* **Supplied data**
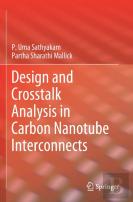 Design And Crosstalk Analysis In Carbon Nanotube Interconnects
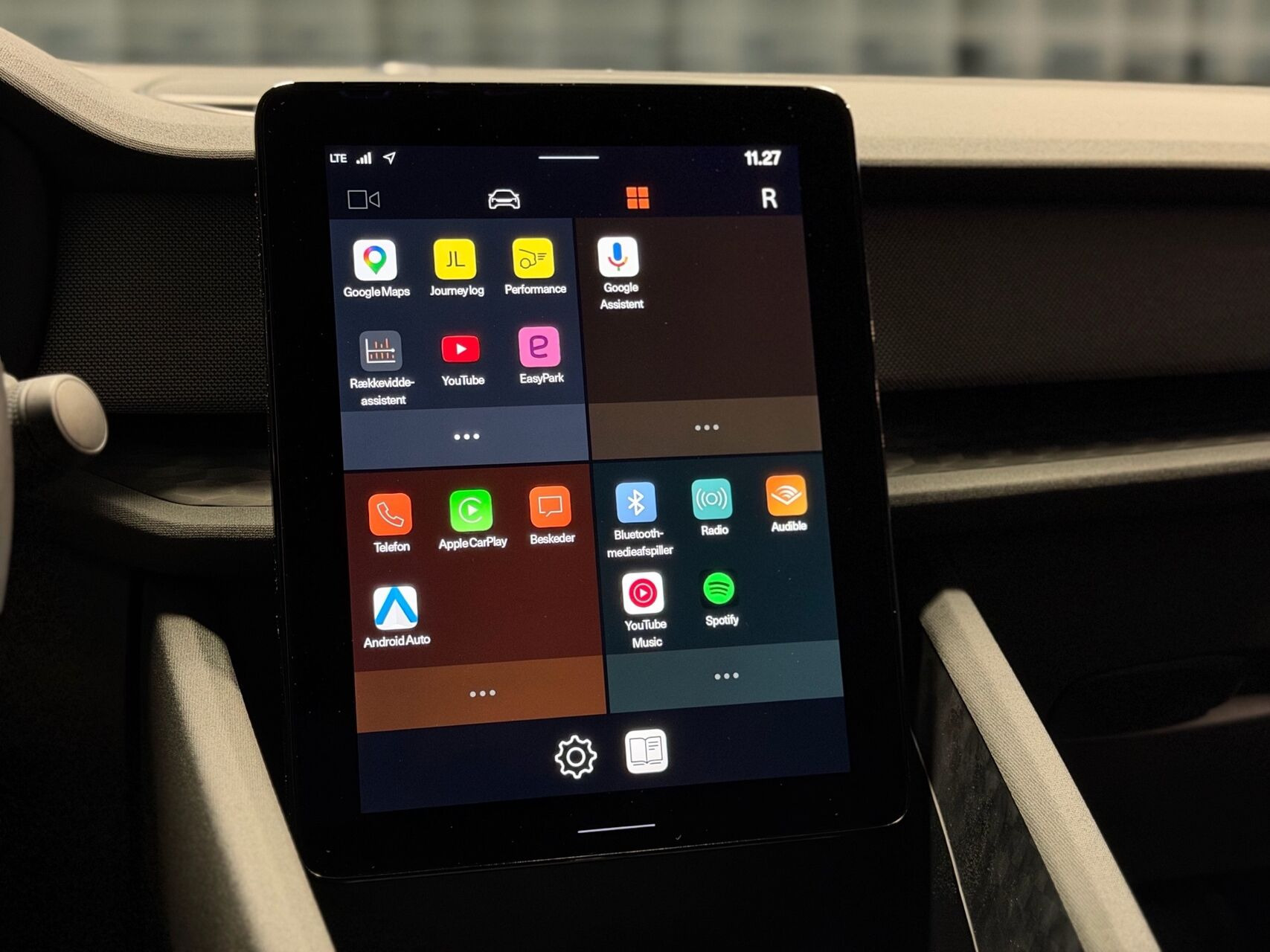 undefined Polestar 2 fra 2024
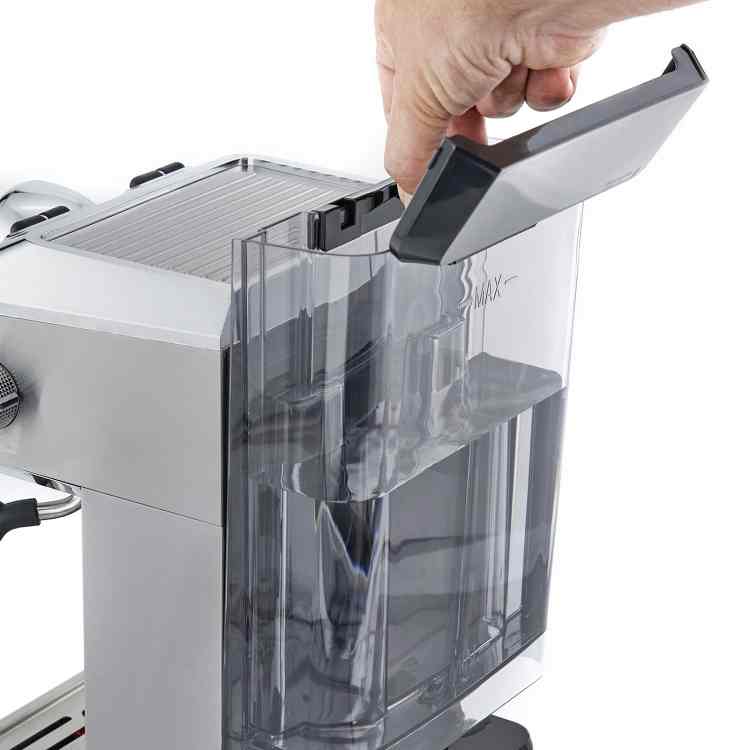 caso Espressomaschine Espresso Gourmet Bild 4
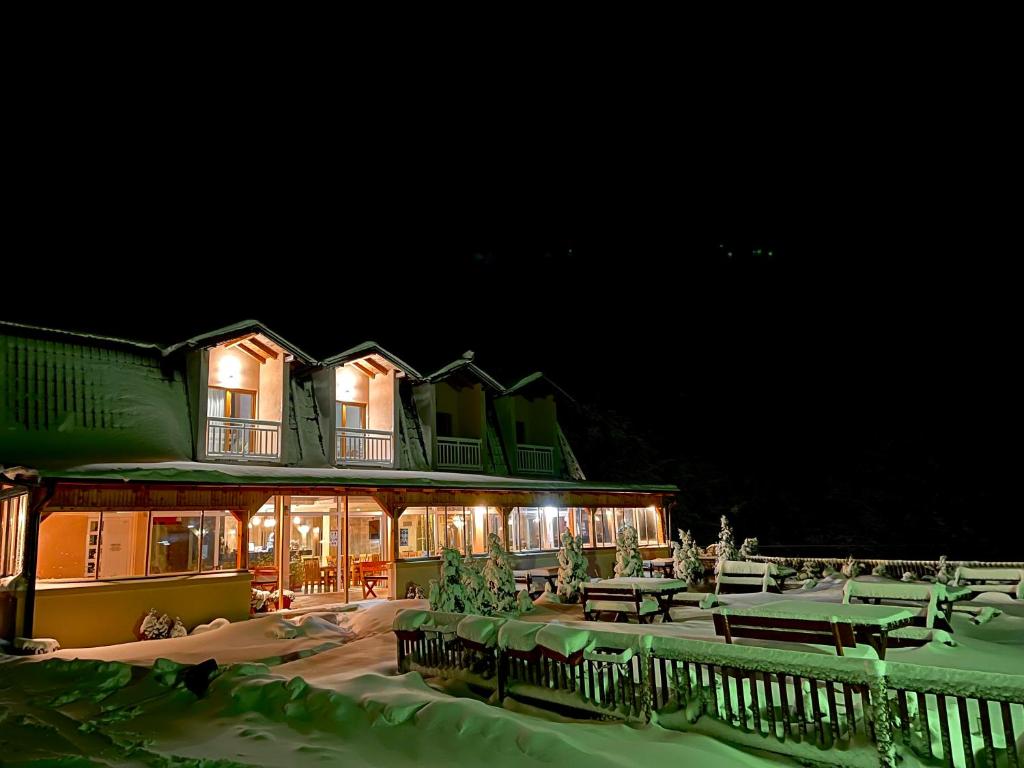Honey Valley Bjelasnica — Hotel in Mostar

* **Exercise**
Retype the lines above exactly, no pictures.

* **Response**
 Design And Crosstalk Analysis In Carbon Nanotube Interconnects
 undefined Polestar 2 fra 2024
 caso Espressomaschine Espresso Gourmet Bild 4
Honey Valley Bjelasnica — Hotel in Mostar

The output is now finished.